> **TASK DETAILS**
When you reach the line below that has "Man Half Finger", start returning lines exactly, and stop after the line that has "Casa iluminada navideña"; skip the pictures.

___ RECORD EXCERPTS

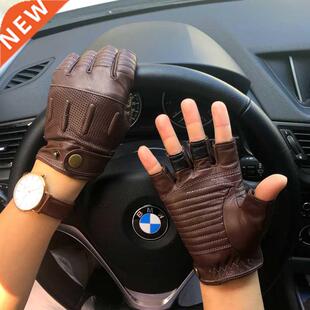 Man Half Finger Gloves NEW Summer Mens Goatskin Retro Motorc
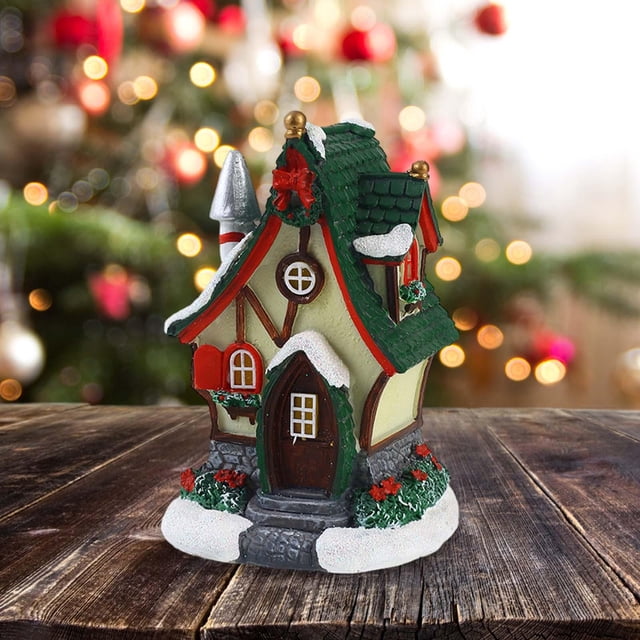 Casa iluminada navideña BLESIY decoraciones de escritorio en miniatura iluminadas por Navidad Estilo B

______
___ RECORD EXCERPTS

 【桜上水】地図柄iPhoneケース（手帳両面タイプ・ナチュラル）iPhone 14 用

______

> **COMPLETED EXERCISE**
 Man Half Finger Gloves NEW Summer Mens Goatskin Retro Motorc
 Casa iluminada navideña BLESIY decoraciones de escritorio en miniatura iluminadas por Navidad Estilo B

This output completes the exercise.